Обдирая колени, наркоманка дважды падала на землю и начинала проклинать свою жизнь. Джако помогал ей встать и стянул жгут с ее руки.
Рядом с церковной лестницей на звезды лаяла какая-то собака – может, Барби или то, что когда-то было Барби. Наконец, – казалось, прошла целая вечность – они вышли на площадь. Сверху на них смотрело лицо неба, усыпанное веснушками и разрезанное надвое пушистым следом Боинга.
– Мы пришли? – спросила наркоманка, наклоняясь над коляской и вытирая салфеткой соплю с губ сына. Она погладила его по щеке и вздохнула. А ведь это жалкое подобие женщины, стоящей перед ним, все еще сохраняет каплю человечности, подумал Боджетти. Его охватили сомнения. Джако хотел было сказать ей, чтобы брала ребенка и шла домой, да и сам почти собрался вернуться к себе в квартиру, но они уже подошли к боковой двери ризницы. Из трещины на него смотрели две яркие точки – глаза Пьеры, да, именно они.
Не делай этого. Помоги нам.
Джако осторожно подхватил наркоманку за локоть и показал в темноту за приоткрытой дверью.
– Да, пришли. Сюда.
– Только минет, – прошептала женщина. – Я больше ничего не делаю, когда… он рядом, – кивнула она на мальчишку, который начал храпеть.
– Конечно, конечно.
Джако завел наркоманку, вроде бы вернувшуюся в реальность, в ризницу. Со сводов и колонн серыми косами свисали гирлянды паутины. Сквозь желтые стекла окон внутрь просачивался свет звезд и темно-синее свечение ночи.

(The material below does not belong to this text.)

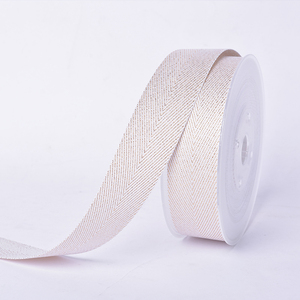 Luxe nouvelle arrivée réutilisable emballage cadeau or purl Sergé <span class=keywords><strong>ruban</strong></span> gros-grain - Product Image 1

Помоги. Голооод. И я. Помогу. Тебе. Молодой. Живой. Всегдаааа, – услышал Джако голос в своей голове, шагая вперед, за трещиной по пятам, между скамейками и валявшимися на полу канделябрами. Пару раз женщина, плетущаяся следом, как тень, спрашивала, куда они идут, но старик молчал, пока не привел ее к центральному нефу, к краю пропасти, из которой вырывалось горячее влажное дыхание. Нож по-прежнему у него за поясом брюк?
Да.
– Ч-что это за место, черт подери? Что за дырка в полу? Зачем ты меня сюда притащил? – накинулась на него наркоманка. Через плечо Джако она разглядывала колодец тьмы – сердце и душу старого района. Тем временем малыш проснулся, закричал, стал дергать ножками, скрести пальцами щеки и неистово закатывать глаза, как будто ему приснился кошмар. За происходящим с отрешенным видом наблюдало распятие, которое выглядывало из-за мрачного пыльного алтаря.
– Это заброшенная церковь. Я кое-что хочу показать тебе, подойди поближе. Это просто… интересное место, – соврал Джако. – Не бойся.
– Что это за дыра? Мне… мне не нравится здесь… Я ухожу.
Наркоманка сделала несколько шагов назад, подошла к коляске. Потом остановилась и стала покачиваться на месте, все еще находясь под действием наркотиков. Из пропасти поднимались ниточки тьмы, похожие на дым только что погасших свечей. Глаза женщины заблестели, наполнились ужасом. А потом остекленели от тошнотворного животного страха, когда из недр церкви поднялся низкий, непрерывный гул, от которого задрожали нефы.
– Не бойся, – сказал Джако, приближаясь к ней.
Она хотела убежать, увезти сына из этого места, но лишь опрокинула коляску и рухнула на пол, на мозаичную плитку. Ребенок, оказавшийся под перевернутой коляской, завопил во все горло. Джако шагнул вперед и, взглянув на свою правую руку, с ужасом обнаружил, что в ней зажат нож.
Пропасть издала какой-то звук, закашляла, и во все стороны от нее побежала паутина трещин, а в голове у старика раздался голос:
Сейчас. Сейчааас! Помогиии! СЕЙЧАААС!
Что-то внутри Джако задрожало, воспротивилось и попыталось дать отпор, но тщетно. Широкими шагами он подошел к наркоманке, которая ползала по полу, пытаясь приподнять коляску и понять, не ушибся ли ребенок.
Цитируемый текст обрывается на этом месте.